Most of these content areas are technical and, while they are covered during boot-camp sessions, they are not the principal emphasis.

“[Technical skills] are the things that surgeons have concentrated on for a very long time,” Dr. Jones said.  “Luckily, that means a lot of our students have taken the time to focus on those things themselves—and what they haven’t necessarily spent a great deal of time working on, or thinking about, are these nontechnical skills.”

Nontechnical skills including time management, effective teamwork, and resiliency and wellness, are the greater focus of the boot camp.

Too many students, Dr. Jones said, are only passingly familiar with the roles played by advanced-practice providers before starting their residency.

“They might have heard of nurse practitioners or physician assistants, but have no idea how they fit into the group,” he said. “We try to concentrate on ... some of those things they don’t tend to come across in medical school, but [which] are much more practical and non-operative based.”

The boot camp is offered on a voluntary basis and participants do not receive class credit. About 75 percent of those eligible have taken part.

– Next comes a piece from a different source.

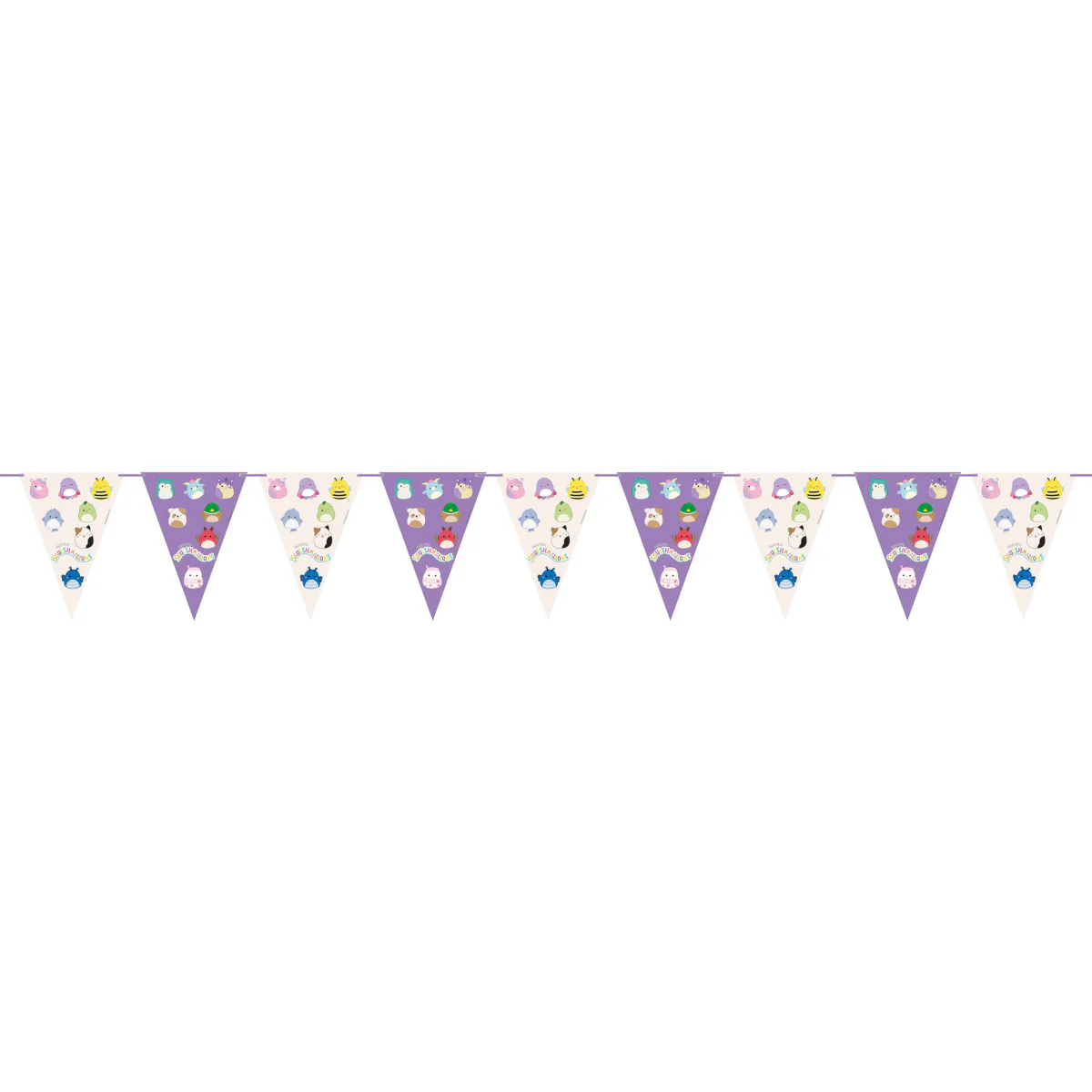 Squishmallows Birthday Party Bunting Banner - Image 2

Dr. Jones believes programs like the one at Hopkins can be instrumental in shaping the transition from medical school to residency. For too long, he said, residency program directors have made too many assumptions about their incoming interns—to the detriment of their early training.

“It is assumed that residents already have good study habits, that residents have good time-management skills, that residents have a good capability for teamwork. I don’t think we need to expect less of our residents,” Dr. Jones said. Rather, it is up to medical educators to help “ensure that they have the opportunity to make up for whatever deficiencies they may have.”